Who gets blamed for Enron?

Why Enron is George Bush's scandal, not Bill Clinton's.

Published May 26, 2006 6:30PM (EDT)

Yesterday's gleeful dancing on the grave of Ken Lay and Jeff Skilling elicited an unusually large number of anonymous posts from readers eager to pin the blame for Enron on the Clinton administration --"all that bad stuff happened on his watch, so it's his fault!"

How the World Works welcomes readers of all political stripes, though we prefer it if they attach real names, or at least persistent identities, to their arguments. We generally aren't predisposed to take an argument seriously if it's signed "No Name Given."

Then again, the argument that Enron was Clinton's scandal and not Bush's is so absurd that one can understand why no one would put an actual name behind it. Let's review some history, shall we?

Ken Lay was George Bush's number one financial backer. During the 2000 election campaign, Bush frequently flew on Enron corporate jets. Bush's first cabinet included a former Enron executive, Thomas White, as Army Secretary, and two former Enron advisers, Lawrence Lindsey (Bush's first chief economic adviser) and Robert Zoellick (Bush's first United States Trade Representative).

Vice President Dick Cheney met numerous times with Ken Lay to discuss energy policy. Lay was instrumental in the hiring of his hand-picked Texas buddy Pat Wood as chairman of the Federal Energy Regulatory Commission. Lay's influence likely led to the Bush administration's do-nothing stance on the California electricity crisis. Do we even need to mention Wendy Gramm, the wife of Texas Senator Phil Gramm (R) and chair of the Commodity Futures Trading Commission? Just five weeks after a ruling in which she exempted Enron from certain forms of federal regulation that could have cost the company a great deal of money, she quit and joined Enron's board.

It's as simple as this.
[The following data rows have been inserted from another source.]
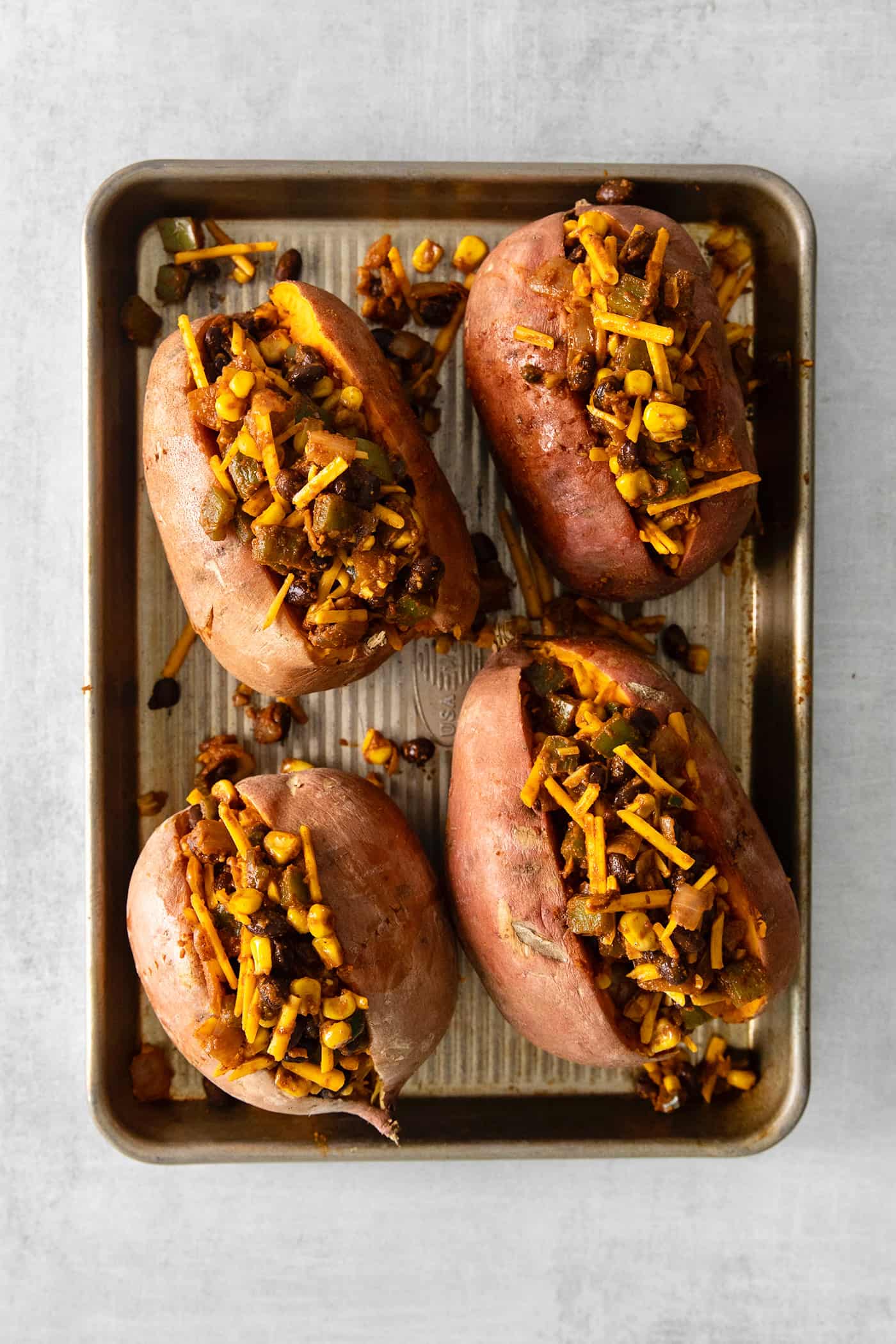 Sweet potatoes with taco filling on a baking sheet
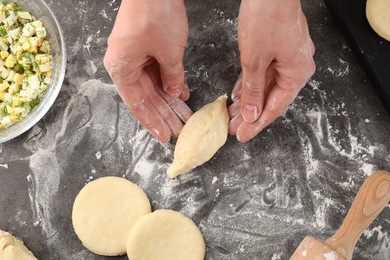 Photo of Woman making pirozhki (stuffed pastry pies) at gray table, top view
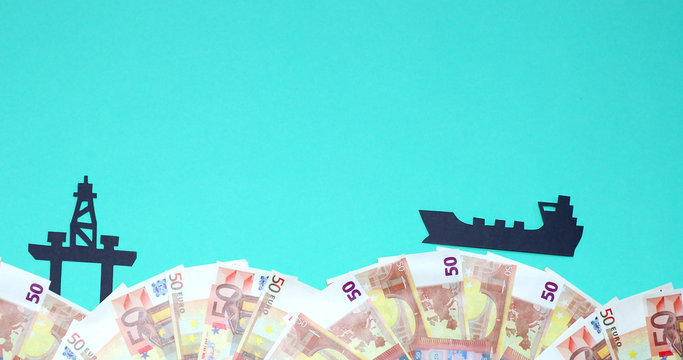 Oil tanker floating against the backdrop of the euro to the oil platform. - Powered by Adobe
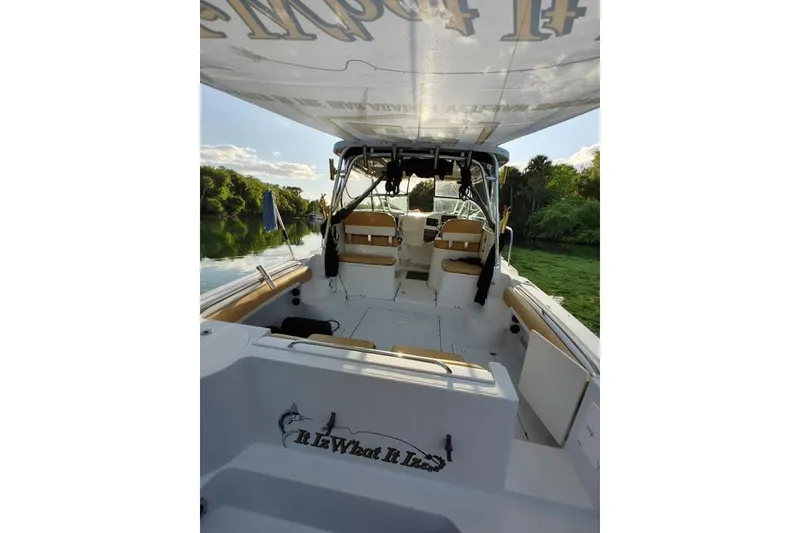 Slide: The Image of 2007 Seaswirl Striper 2901 Walkaround O/B boat interior with canopy, on a serene river. - 6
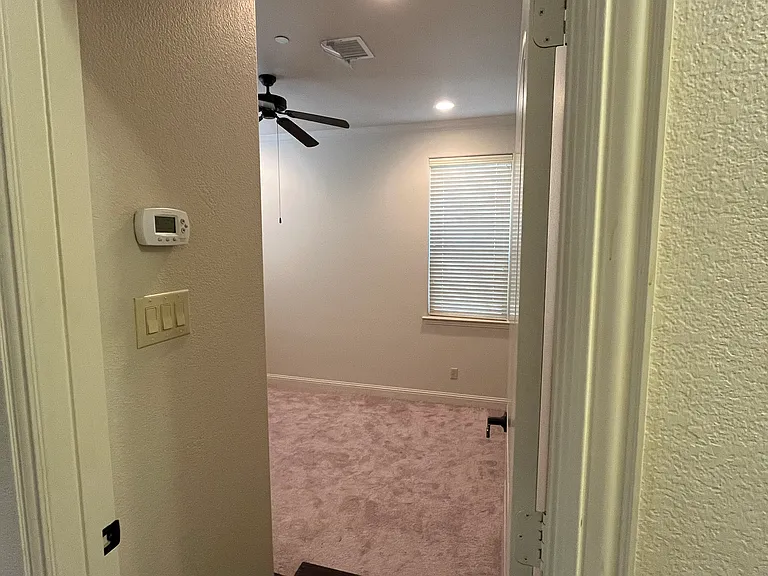 Private guest suite with attached bath. This can be used as study or office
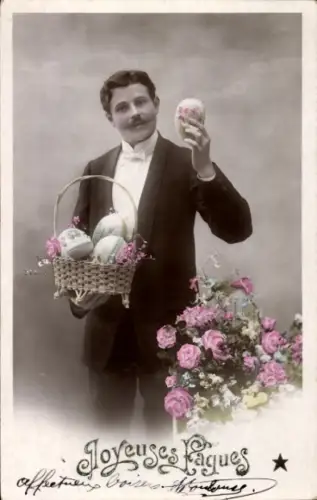 Ak Glückwunsch Ostern, Mann mit Korb, Ostereier, Blumen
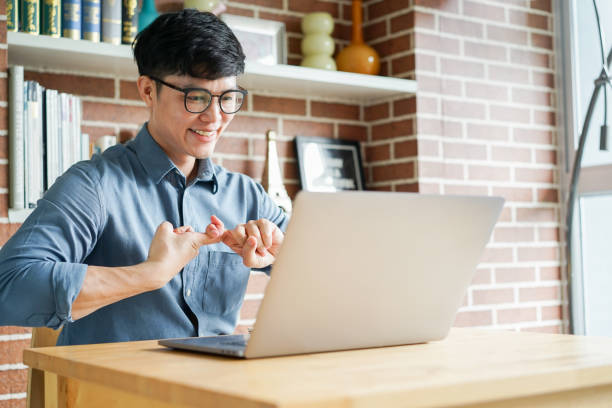 istock close up asian man make gesture hand of deaf sign language to teaching or learning from webinar in home for lifestyle concept 1585794787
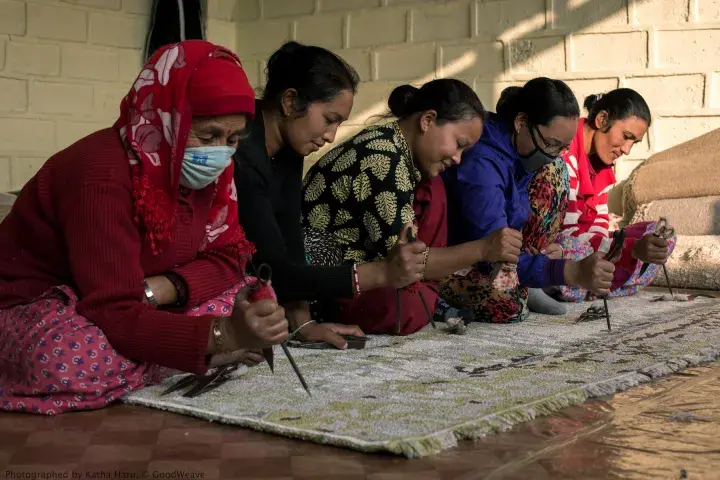 Workers in a GoodWeave factory in Nepal © GoodWeave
When George Bush was elected president, Ken Lay and company must have felt like their ship had finally come in. They'd been backing him to the hilt, he was from their own home town, and he was eager to help the company in any way possible. The great irony of Enron's rise and fall is that it was only the sheer enormity of the company's debacle that prevented Bush from giving assistance. Lay and Skilling botched things so badly they couldn't even capitalize on their hard-earned access to a President who boasts a record of being more in the pocket of Texan oil and gas special interests than any American leader since Lyndon Johnson.

None of this, by the way, should be taken as a whitewash of the Clinton administration's Wall Street-friendly administration. Clinton clearly continued, or at least did not hinder, the deregulatory policies pioneered by Ronald Reagan and Bush Sr. The sad reality is that the only way Clinton can look good is if one compares his record to the devastation wreaked by his successor.